Was ist Spargel und welchen gibt’s?

Asparagus officinalis gehört zu einer Vielzahl von Spargelgewächsen, uns am Bekanntesten als Gemüsespargel. Wusstet ihr eigentlich, dass Agaven auch zur Familie der Spargelgewächse zählen? Na wenn das so ist können wir ja demnächst beruhigt einen oder auch zwei Tequilashots trinken. Ihr wisst schon, heilende Wirkung und so.

Weiß, grün, violett. Weißer Spargel wächst unterirdisch in langen Hügeln. Sobald er das Licht der Welt erblickt, wird er geerntet. Die Spitzen verfärben sich violett.
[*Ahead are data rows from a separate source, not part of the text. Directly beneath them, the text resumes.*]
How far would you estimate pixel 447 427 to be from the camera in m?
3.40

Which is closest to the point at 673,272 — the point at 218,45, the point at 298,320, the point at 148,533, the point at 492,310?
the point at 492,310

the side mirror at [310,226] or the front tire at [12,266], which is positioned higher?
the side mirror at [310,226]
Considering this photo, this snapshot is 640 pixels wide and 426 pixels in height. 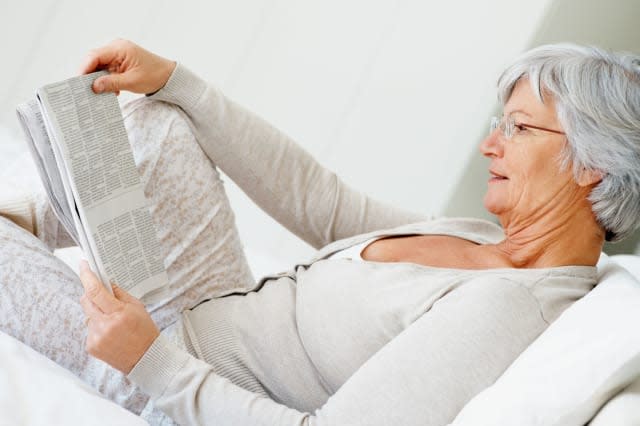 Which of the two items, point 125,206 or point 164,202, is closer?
point 125,206

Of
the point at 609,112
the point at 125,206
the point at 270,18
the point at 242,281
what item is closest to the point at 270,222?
the point at 270,18

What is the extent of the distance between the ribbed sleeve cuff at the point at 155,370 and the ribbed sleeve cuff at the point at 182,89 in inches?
19.5

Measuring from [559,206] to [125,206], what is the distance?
715 millimetres

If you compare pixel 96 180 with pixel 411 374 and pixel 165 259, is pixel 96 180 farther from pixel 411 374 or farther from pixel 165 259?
pixel 411 374

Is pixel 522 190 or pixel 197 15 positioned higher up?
pixel 522 190

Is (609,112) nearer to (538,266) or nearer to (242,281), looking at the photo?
(538,266)

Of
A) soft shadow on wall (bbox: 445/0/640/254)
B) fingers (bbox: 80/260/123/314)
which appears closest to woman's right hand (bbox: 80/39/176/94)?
fingers (bbox: 80/260/123/314)

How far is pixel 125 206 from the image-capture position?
4.33 feet

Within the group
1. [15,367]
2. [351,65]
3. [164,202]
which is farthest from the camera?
[351,65]

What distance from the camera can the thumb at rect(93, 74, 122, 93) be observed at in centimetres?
132

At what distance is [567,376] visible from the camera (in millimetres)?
1000

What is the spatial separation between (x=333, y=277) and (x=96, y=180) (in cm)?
42

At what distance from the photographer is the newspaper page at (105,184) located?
119 cm

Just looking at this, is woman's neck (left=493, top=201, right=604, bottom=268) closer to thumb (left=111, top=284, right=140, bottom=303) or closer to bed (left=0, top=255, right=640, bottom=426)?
bed (left=0, top=255, right=640, bottom=426) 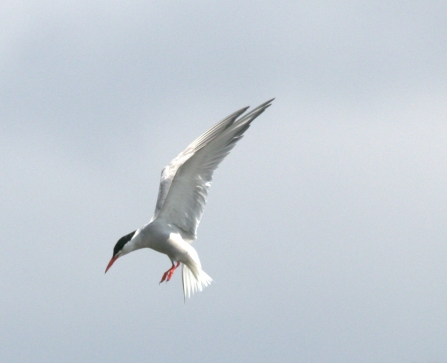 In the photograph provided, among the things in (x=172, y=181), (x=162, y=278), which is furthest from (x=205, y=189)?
(x=162, y=278)

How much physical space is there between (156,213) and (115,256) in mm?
794

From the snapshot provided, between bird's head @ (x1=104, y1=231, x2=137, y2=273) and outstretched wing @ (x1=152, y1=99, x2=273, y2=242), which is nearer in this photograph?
outstretched wing @ (x1=152, y1=99, x2=273, y2=242)

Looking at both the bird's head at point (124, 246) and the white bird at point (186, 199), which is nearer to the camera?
the white bird at point (186, 199)

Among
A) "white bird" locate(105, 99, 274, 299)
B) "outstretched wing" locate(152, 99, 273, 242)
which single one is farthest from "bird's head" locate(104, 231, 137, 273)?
"outstretched wing" locate(152, 99, 273, 242)

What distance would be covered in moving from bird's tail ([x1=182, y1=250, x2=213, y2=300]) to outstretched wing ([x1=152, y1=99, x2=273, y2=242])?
42cm

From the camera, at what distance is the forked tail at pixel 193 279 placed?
12.5m

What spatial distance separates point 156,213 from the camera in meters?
12.3

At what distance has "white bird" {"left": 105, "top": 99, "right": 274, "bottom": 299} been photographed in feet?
38.6

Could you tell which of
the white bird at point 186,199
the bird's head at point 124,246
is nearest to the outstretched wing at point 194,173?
the white bird at point 186,199

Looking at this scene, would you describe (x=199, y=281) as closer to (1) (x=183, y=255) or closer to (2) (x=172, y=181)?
(1) (x=183, y=255)

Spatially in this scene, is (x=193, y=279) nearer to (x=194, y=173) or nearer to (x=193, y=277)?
(x=193, y=277)

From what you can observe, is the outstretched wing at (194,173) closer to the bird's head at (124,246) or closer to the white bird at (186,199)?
the white bird at (186,199)

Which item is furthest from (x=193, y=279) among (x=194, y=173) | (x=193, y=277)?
(x=194, y=173)

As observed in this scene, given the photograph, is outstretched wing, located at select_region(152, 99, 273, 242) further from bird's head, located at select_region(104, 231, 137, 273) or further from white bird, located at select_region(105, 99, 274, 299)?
bird's head, located at select_region(104, 231, 137, 273) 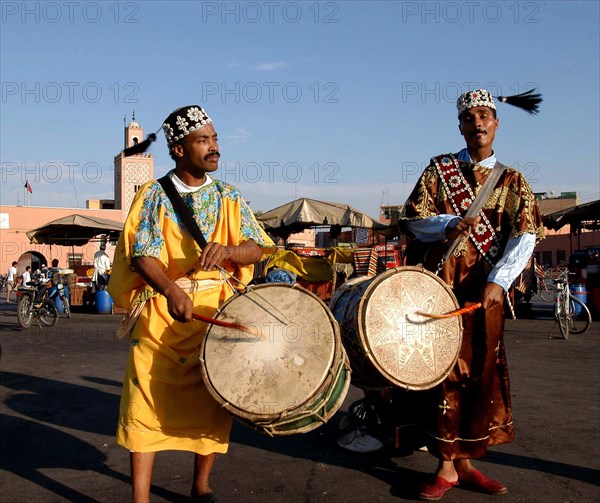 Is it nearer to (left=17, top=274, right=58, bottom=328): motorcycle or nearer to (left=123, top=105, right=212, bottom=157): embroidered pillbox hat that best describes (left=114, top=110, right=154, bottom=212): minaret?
(left=17, top=274, right=58, bottom=328): motorcycle

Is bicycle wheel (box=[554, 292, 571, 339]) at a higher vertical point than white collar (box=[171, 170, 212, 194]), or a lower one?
lower

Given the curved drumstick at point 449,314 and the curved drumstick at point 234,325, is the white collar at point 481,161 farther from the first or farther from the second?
the curved drumstick at point 234,325

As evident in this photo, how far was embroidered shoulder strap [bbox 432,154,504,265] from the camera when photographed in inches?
148

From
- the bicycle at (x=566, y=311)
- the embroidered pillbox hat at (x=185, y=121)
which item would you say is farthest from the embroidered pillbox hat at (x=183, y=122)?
the bicycle at (x=566, y=311)

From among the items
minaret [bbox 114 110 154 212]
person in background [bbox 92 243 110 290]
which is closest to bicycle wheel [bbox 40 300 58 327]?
person in background [bbox 92 243 110 290]

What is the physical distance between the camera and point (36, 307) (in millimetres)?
14047

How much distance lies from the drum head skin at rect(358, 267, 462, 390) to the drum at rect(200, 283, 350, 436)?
0.23 meters

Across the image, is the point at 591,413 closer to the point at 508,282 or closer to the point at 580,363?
the point at 508,282

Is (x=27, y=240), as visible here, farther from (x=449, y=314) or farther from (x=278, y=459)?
(x=449, y=314)

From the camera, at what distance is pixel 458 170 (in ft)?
12.7

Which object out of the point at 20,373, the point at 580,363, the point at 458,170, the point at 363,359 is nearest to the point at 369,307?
the point at 363,359

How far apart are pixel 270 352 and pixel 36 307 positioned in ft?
40.3

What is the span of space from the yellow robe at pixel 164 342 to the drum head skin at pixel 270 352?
325 mm

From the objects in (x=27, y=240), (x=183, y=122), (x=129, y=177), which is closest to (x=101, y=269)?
(x=183, y=122) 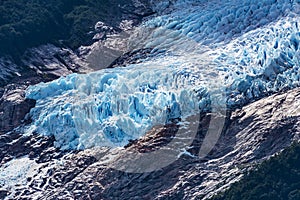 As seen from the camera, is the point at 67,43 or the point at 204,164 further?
the point at 67,43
Je länger der Spargel es sich in der Sonne gemütlich macht umso violetter verfärbt sich die Schale. Was dann, surprise surprise zu violettem Spargel führt. Dieser schmeckt etwas bitterer als sein weißer Gefährte. Grüner Spargel bleibt direkt an der Erdoberfläche, enthält viel Vitamin C und Chlorophyll durch das tägliche Sonnenbad. Dann gibt’s noch den wilden Spargel, hier aber seltener anzutreffen (Peru).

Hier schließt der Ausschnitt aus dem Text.